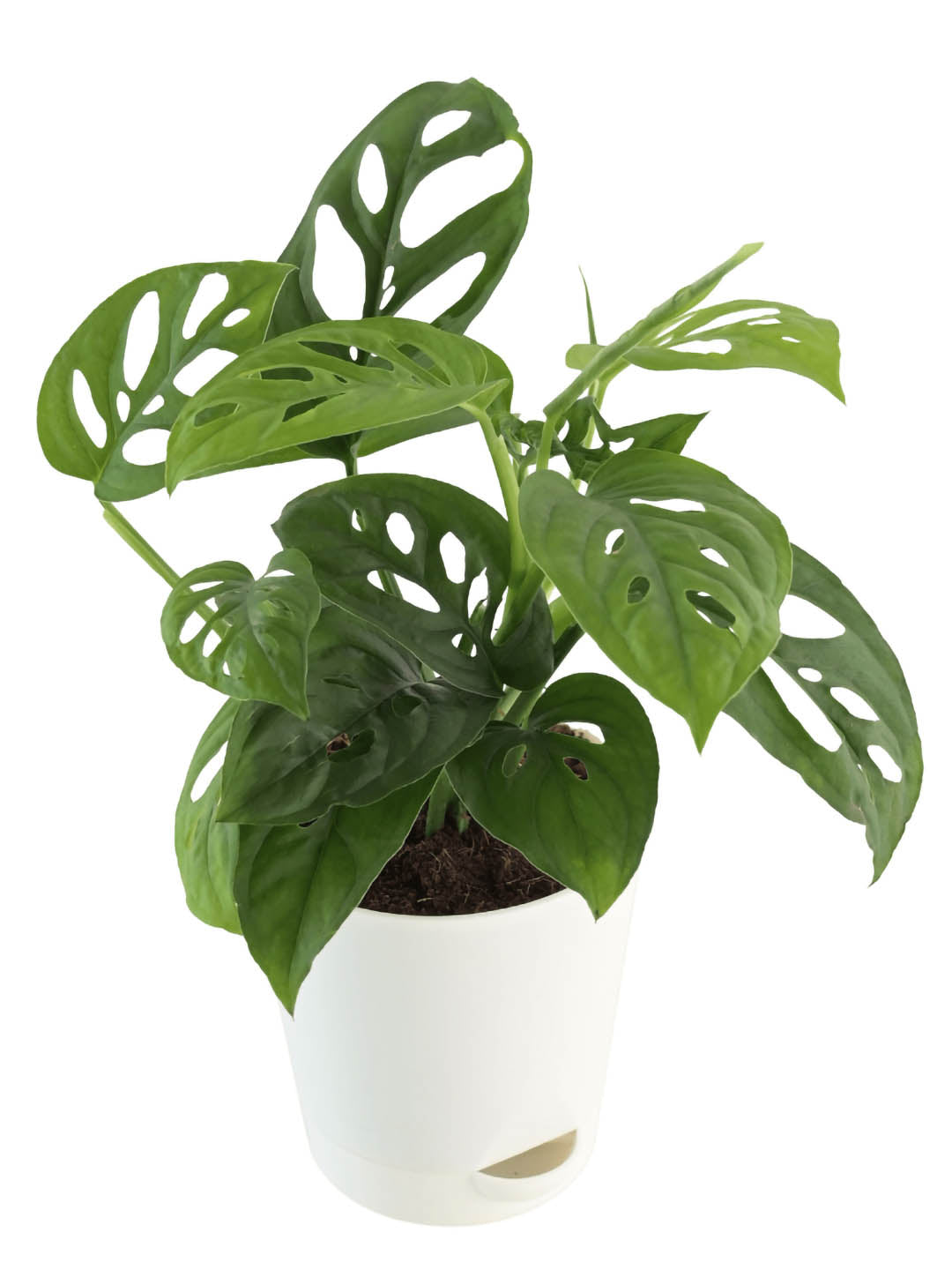 Philodendron Broken Heart Plant or Broken Heart Plant with Green coloured leaves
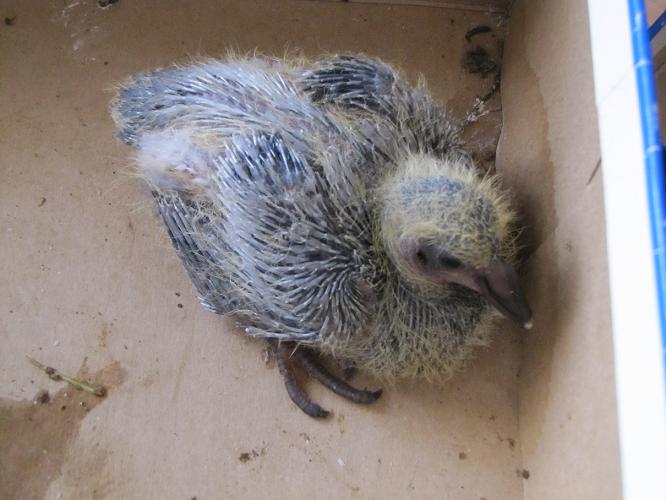 Uccello recuperato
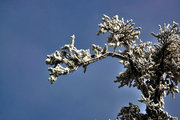 天门山的雪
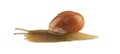 Forest snail, Cepaea nemoralis Royalty Free Stock Photo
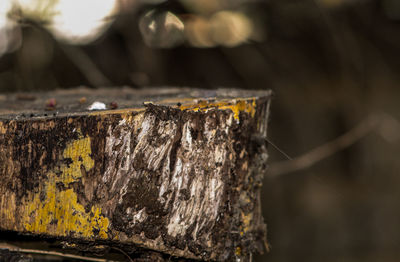 Close-up of tree stump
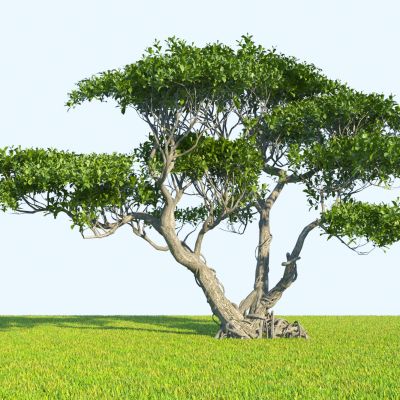 现代造型杜鹃 老桩 造型树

● WHAT YOU SHOULD DO
Set down each record above exactly as it stands and leave out all pictures.

● COMPLETED EXERCISE
 Philodendron Broken Heart Plant or Broken Heart Plant with Green coloured leaves
 Uccello recuperato
 天门山的雪
 Forest snail, Cepaea nemoralis Royalty Free Stock Photo
 Close-up of tree stump
 现代造型杜鹃 老桩 造型树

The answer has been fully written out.